Edible Growth is the food science creation of Eindhoven University of Technology graduate Chloé Rutzerveld. It is a critical look at current 3D-printing technology and its capacity for deliciousness.
Rutzerveld designed a sphere-shaped edible basket made from a gelatinous, vegan-friendly substance known as agar which acts as a vessel for further growth. After the doughy basket emerges from the food-augmented 3D-printer, it is stuffed with a layer of seeds, mushroom spores and yeast. Within 5 days of gestation, the seeds sprout, the mushrooms mature and the yeast transforms the solid agar interior into a more liquid state, ready to be chowed down.
“[It’s] an example of high-tech but fully natural, healthy, and sustainable food made possible by combining aspects of nature, science, technology and design,” she explained to ABC News.

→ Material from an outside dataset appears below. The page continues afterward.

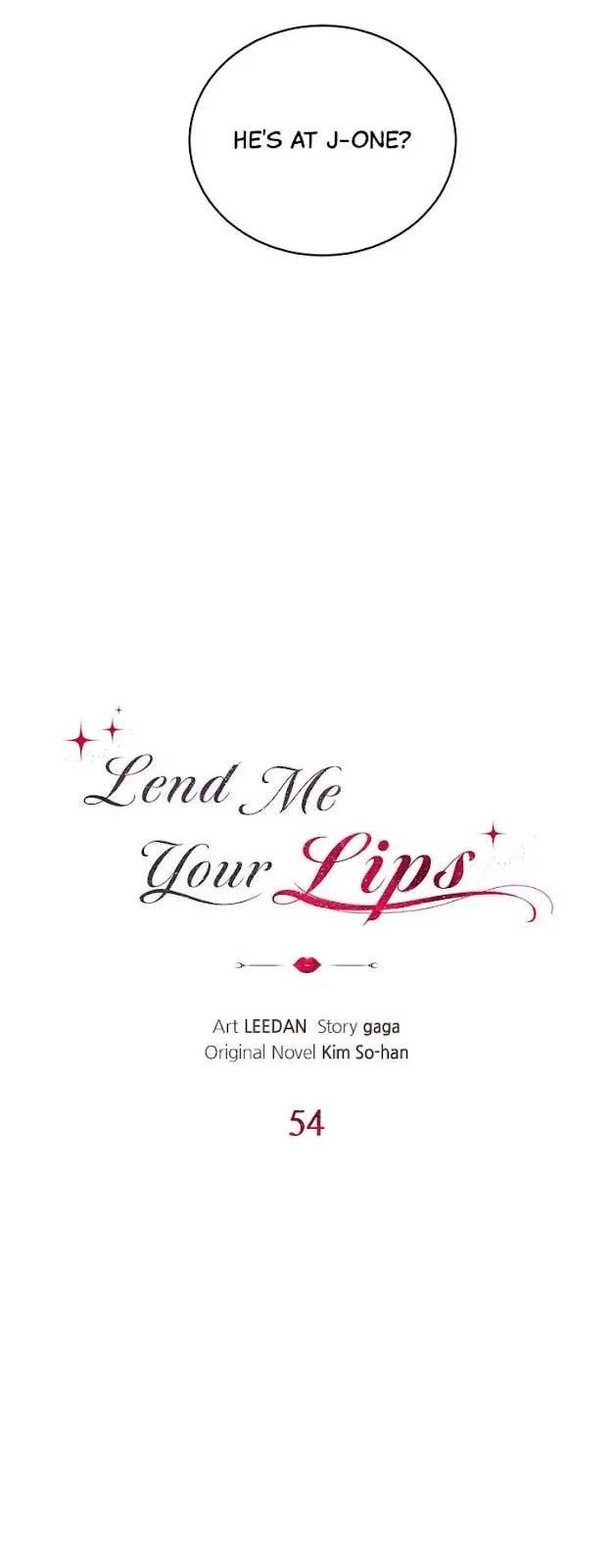 Lend Me Your Lips Chapter 54 page 4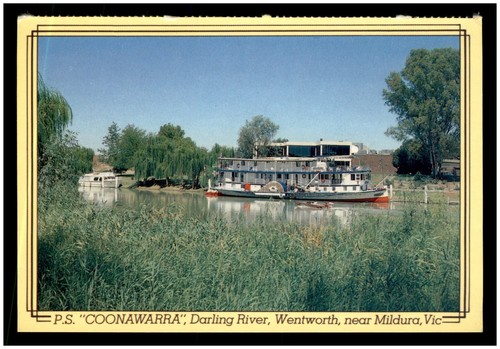 Postcard boat ship p - /,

Currently, Edible Growth remains a prototypical look at the way food can be produced healthily and cleanly in the future. Due to the considerable time requirement and lack of mass-distribution potential at this time, the project is a speculative look at what healthy food manufacturing of tomorrow could look like.
Though Edible Growth demonstrates the compelling versatility of modern 3D-printing machines, our technology is not advanced enough to navigate or synthesise ingredients that are more complex than sugar, dough, chocolate or agar – yet. Part of Rutzerveld’s motivation for the project was to show that high-tech and laboratory-based food design does not automatically mean it is unnatural or tasteless.
“New technologies have always influenced our eating habits, food supply chains, preparation methods and introduced entirely new food products to the market,” said Rutzerveld, “So why are we using additive manufacturing techniques to create fancy shapes of existing foods? Starting from this critical view, I made it my mission to find a way to use this technology to create healthy, functional food that could contribute in solving world food problems and environmental issues.”